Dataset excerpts
◇ ◇ ◇ ◇

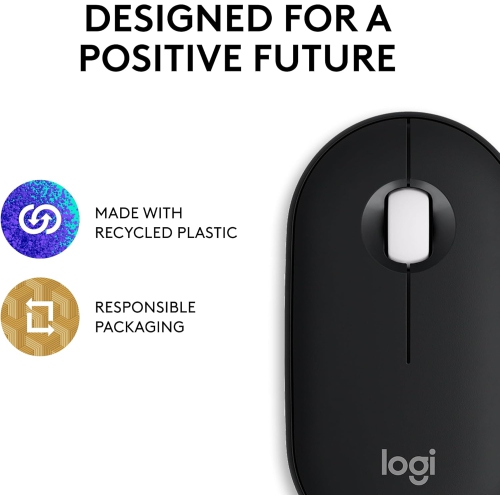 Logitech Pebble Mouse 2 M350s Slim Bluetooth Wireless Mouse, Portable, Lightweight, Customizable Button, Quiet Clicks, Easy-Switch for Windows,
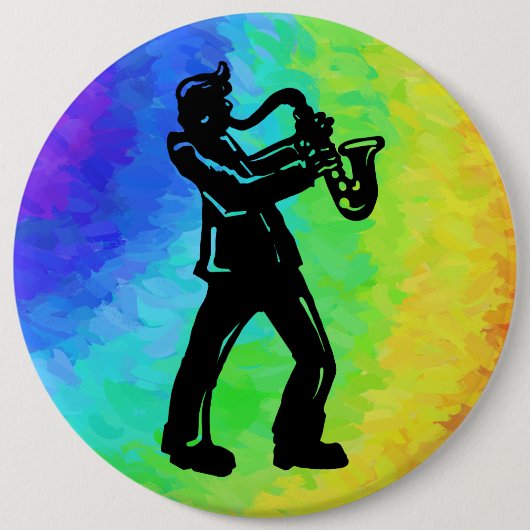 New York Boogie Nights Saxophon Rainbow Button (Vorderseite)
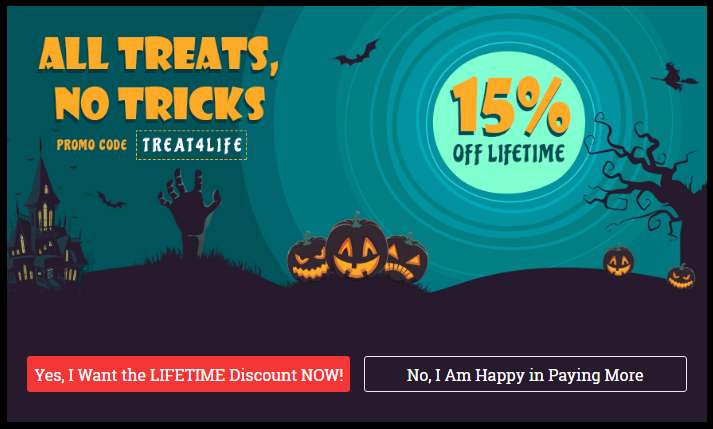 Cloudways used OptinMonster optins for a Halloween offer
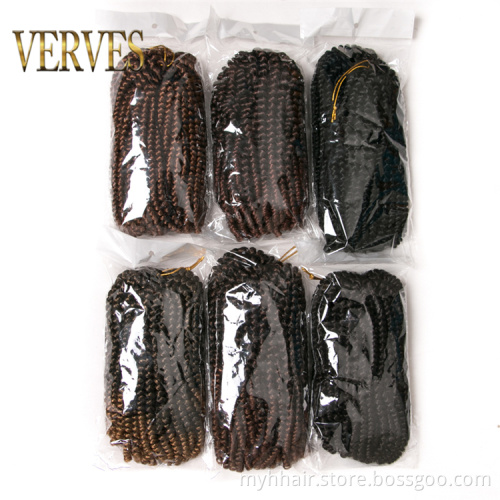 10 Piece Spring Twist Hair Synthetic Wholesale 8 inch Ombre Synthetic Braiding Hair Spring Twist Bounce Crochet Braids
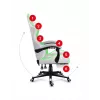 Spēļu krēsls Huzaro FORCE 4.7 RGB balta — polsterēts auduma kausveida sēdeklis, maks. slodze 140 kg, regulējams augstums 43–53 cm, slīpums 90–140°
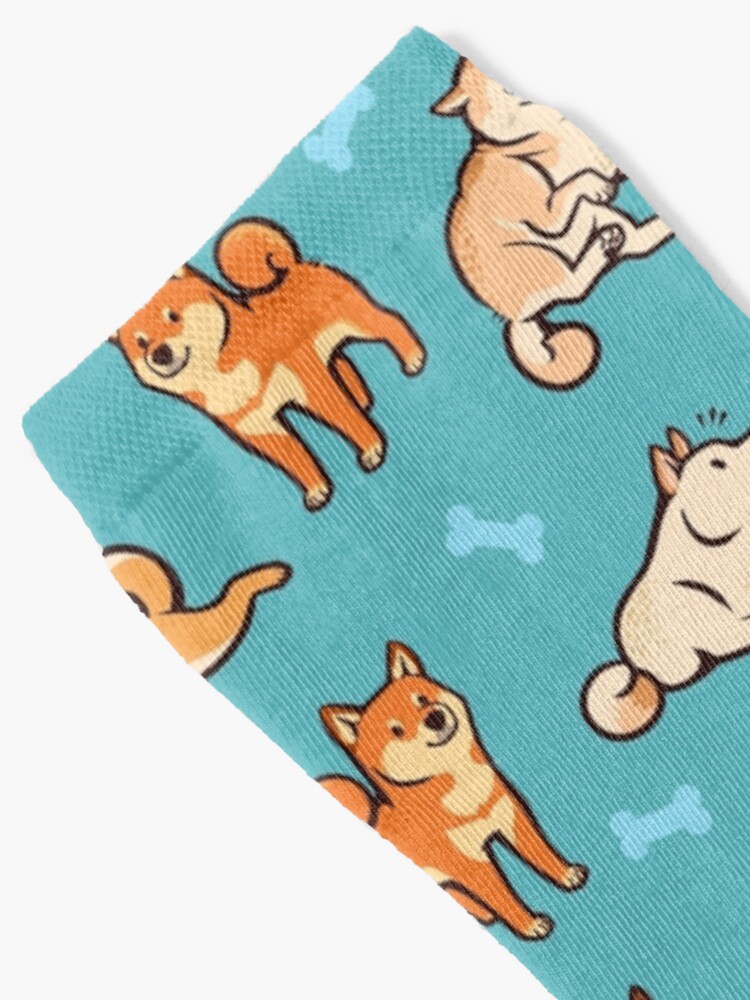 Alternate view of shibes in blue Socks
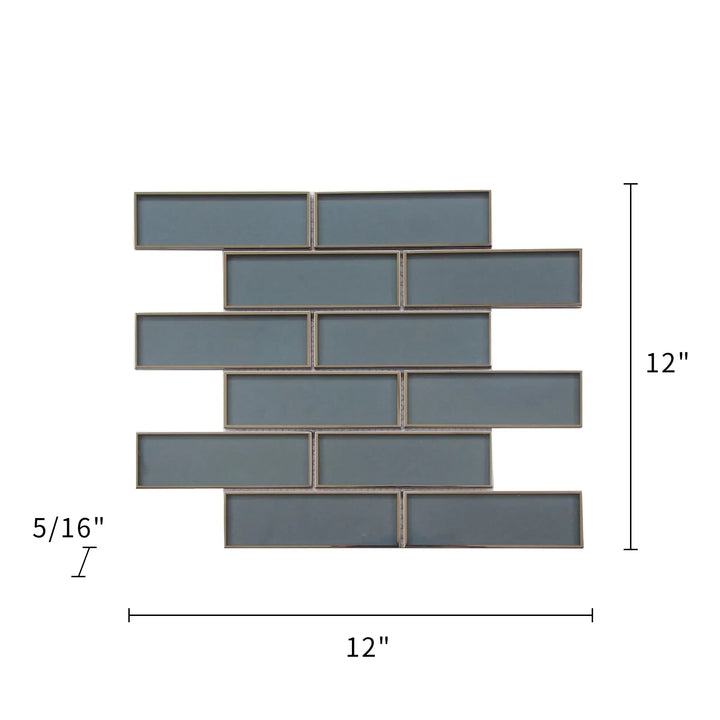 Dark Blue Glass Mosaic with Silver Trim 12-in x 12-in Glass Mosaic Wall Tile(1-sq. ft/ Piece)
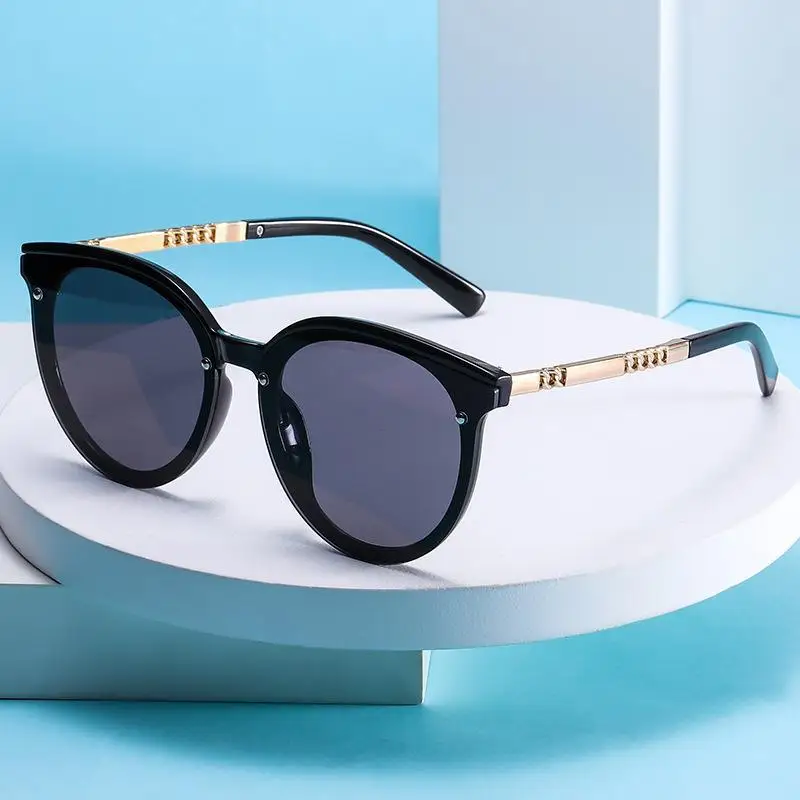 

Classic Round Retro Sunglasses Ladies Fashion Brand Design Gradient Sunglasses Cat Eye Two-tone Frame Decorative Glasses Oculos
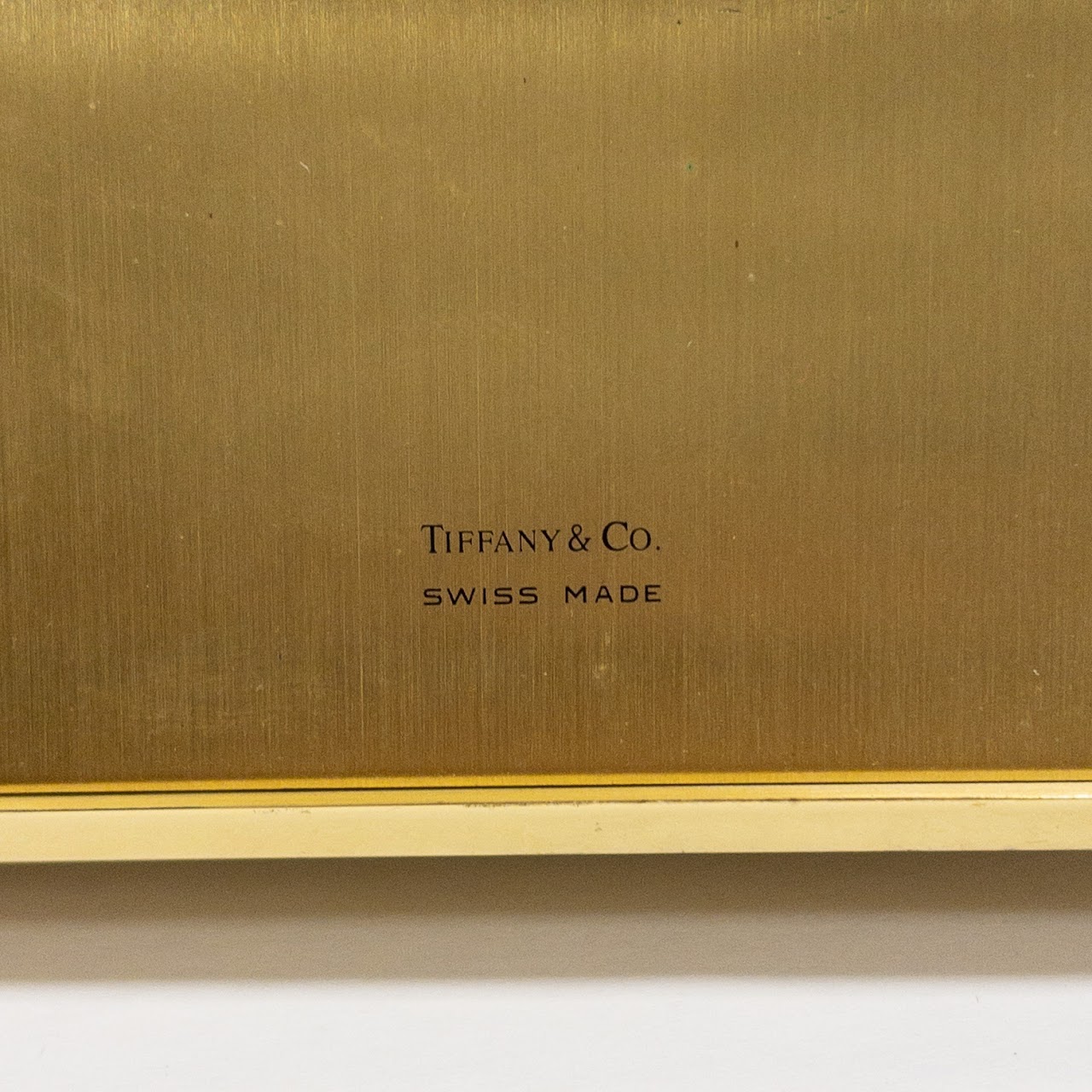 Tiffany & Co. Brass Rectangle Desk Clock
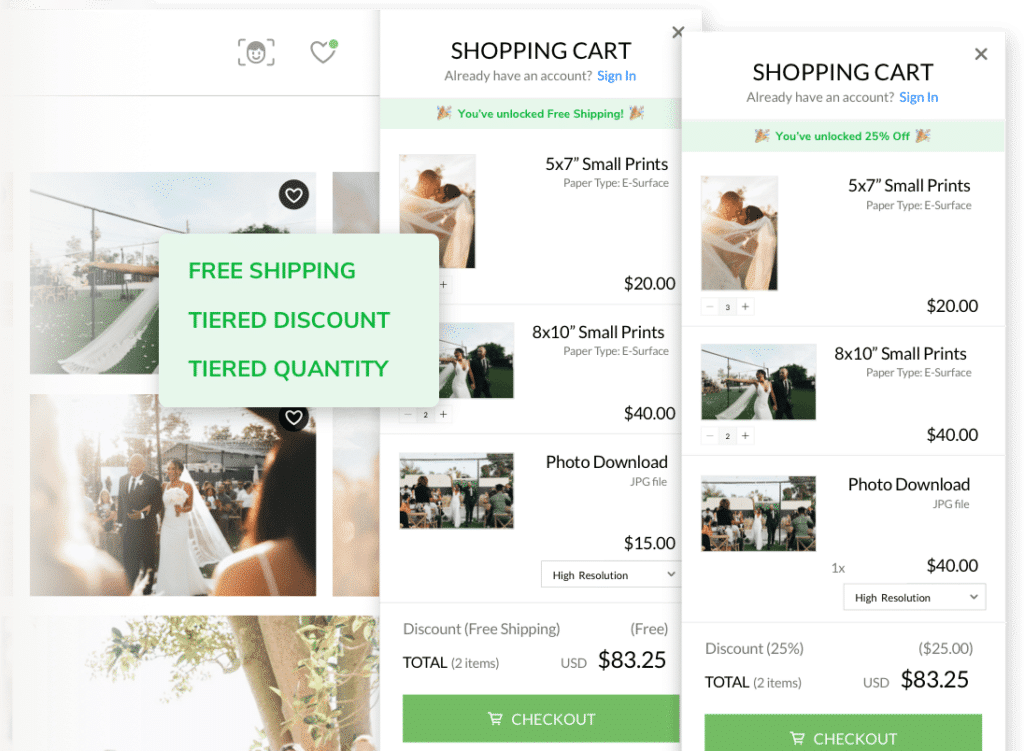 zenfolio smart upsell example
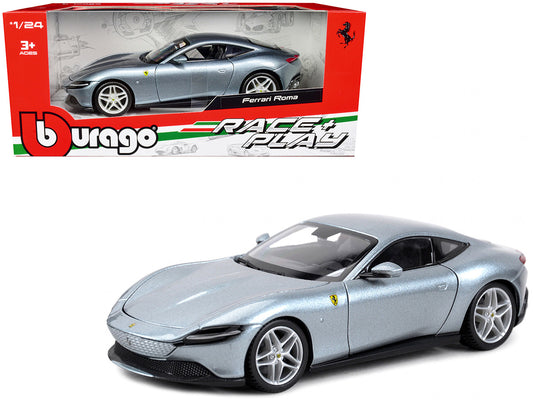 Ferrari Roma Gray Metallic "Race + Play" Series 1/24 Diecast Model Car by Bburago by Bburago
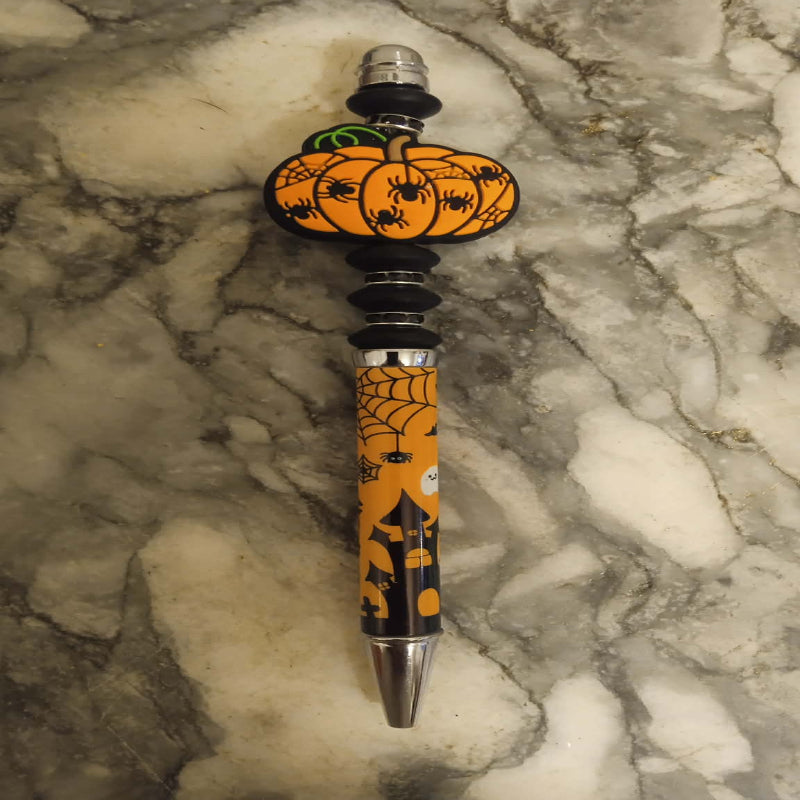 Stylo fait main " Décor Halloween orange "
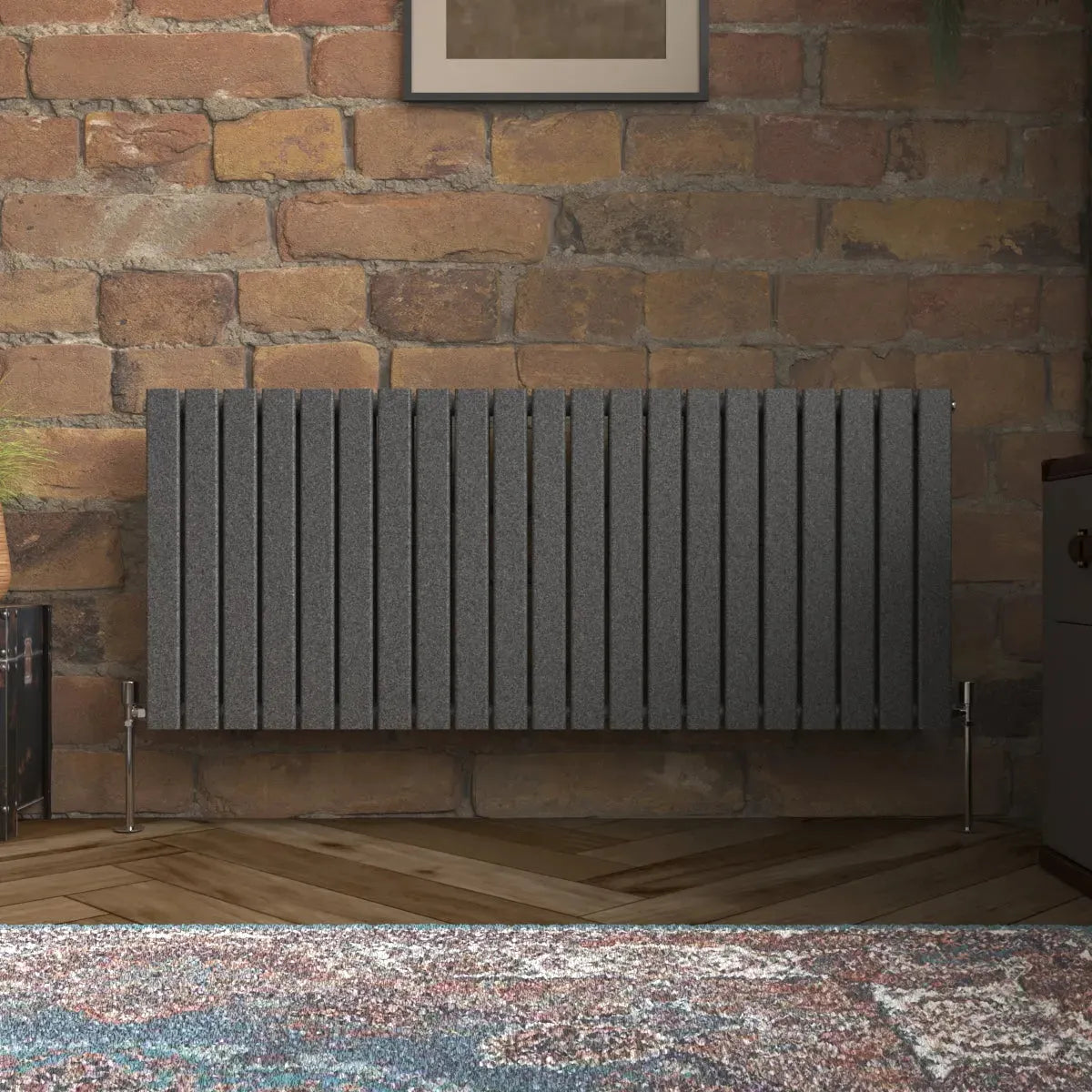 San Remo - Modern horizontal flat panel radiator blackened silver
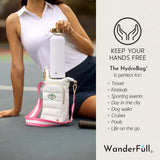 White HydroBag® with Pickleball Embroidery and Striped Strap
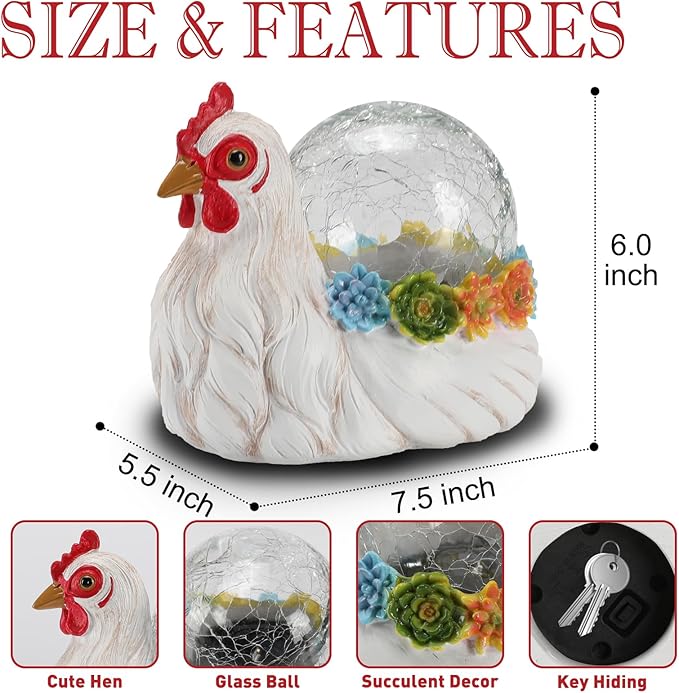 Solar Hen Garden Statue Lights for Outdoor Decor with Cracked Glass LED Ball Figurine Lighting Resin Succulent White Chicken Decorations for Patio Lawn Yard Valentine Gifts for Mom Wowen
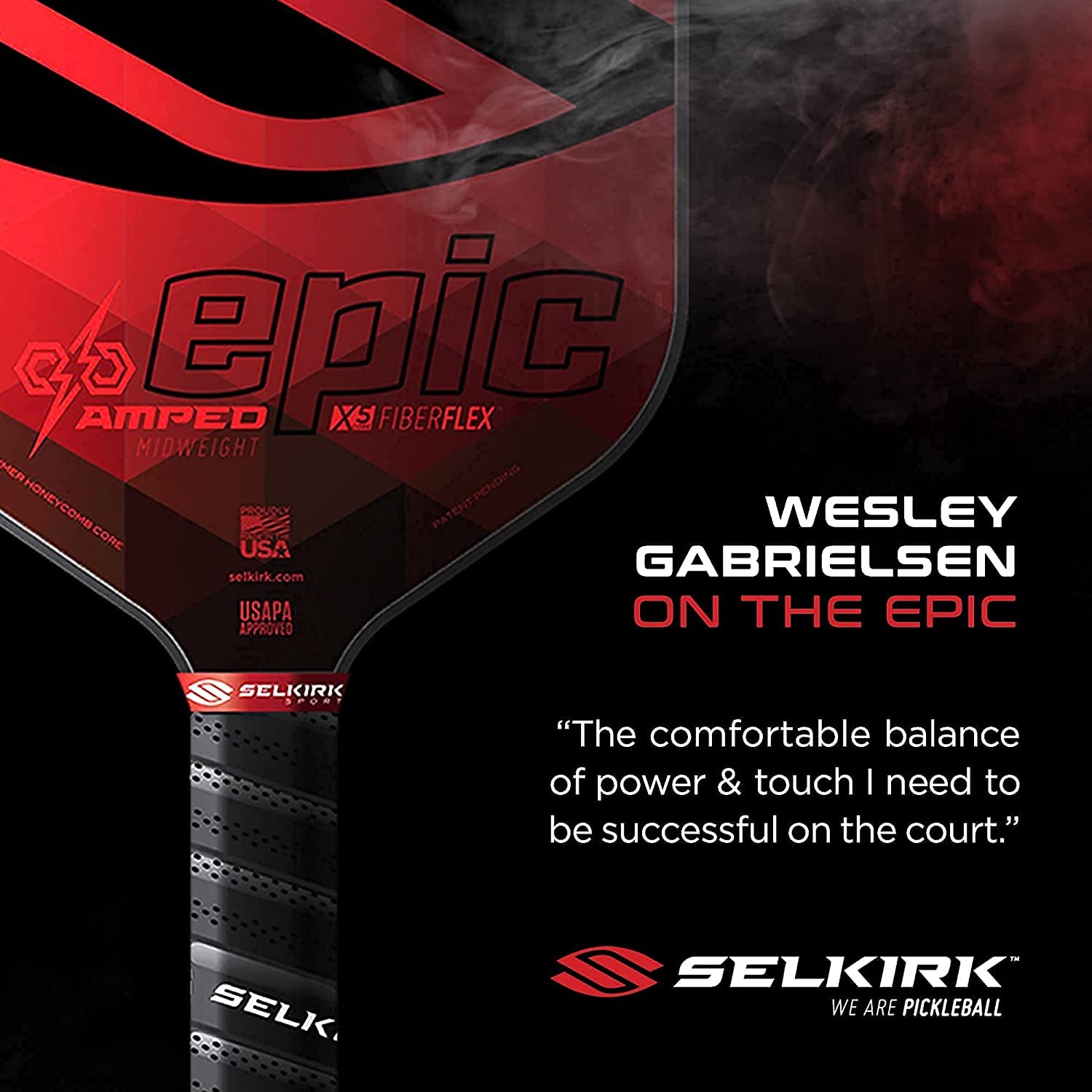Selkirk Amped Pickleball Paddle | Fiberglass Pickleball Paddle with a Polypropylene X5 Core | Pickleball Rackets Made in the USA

◇ ◇ ◇ ◇

Before copying, set the pictures aside; then reproduce each entry above exactly.

Solution for this task:
 Logitech Pebble Mouse 2 M350s Slim Bluetooth Wireless Mouse, Portable, Lightweight, Customizable Button, Quiet Clicks, Easy-Switch for Windows,
 New York Boogie Nights Saxophon Rainbow Button (Vorderseite)
 Cloudways used OptinMonster optins for a Halloween offer
 10 Piece Spring Twist Hair Synthetic Wholesale 8 inch Ombre Synthetic Braiding Hair Spring Twist Bounce Crochet Braids
 Spēļu krēsls Huzaro FORCE 4.7 RGB balta — polsterēts auduma kausveida sēdeklis, maks. slodze 140 kg, regulējams augstums 43–53 cm, slīpums 90–140°
 Alternate view of shibes in blue Socks
 Dark Blue Glass Mosaic with Silver Trim 12-in x 12-in Glass Mosaic Wall Tile(1-sq. ft/ Piece)

Classic Round Retro Sunglasses Ladies Fashion Brand Design Gradient Sunglasses Cat Eye Two-tone Frame Decorative Glasses Oculos
 Tiffany & Co. Brass Rectangle Desk Clock
 zenfolio smart upsell example
 Ferrari Roma Gray Metallic "Race + Play" Series 1/24 Diecast Model Car by Bburago by Bburago
 Stylo fait main " Décor Halloween orange "
 San Remo - Modern horizontal flat panel radiator blackened silver
 White HydroBag® with Pickleball Embroidery and Striped Strap
 Solar Hen Garden Statue Lights for Outdoor Decor with Cracked Glass LED Ball Figurine Lighting Resin Succulent White Chicken Decorations for Patio Lawn Yard Valentine Gifts for Mom Wowen
Selkirk Amped Pickleball Paddle | Fiberglass Pickleball Paddle with a Polypropylene X5 Core | Pickleball Rackets Made in the USA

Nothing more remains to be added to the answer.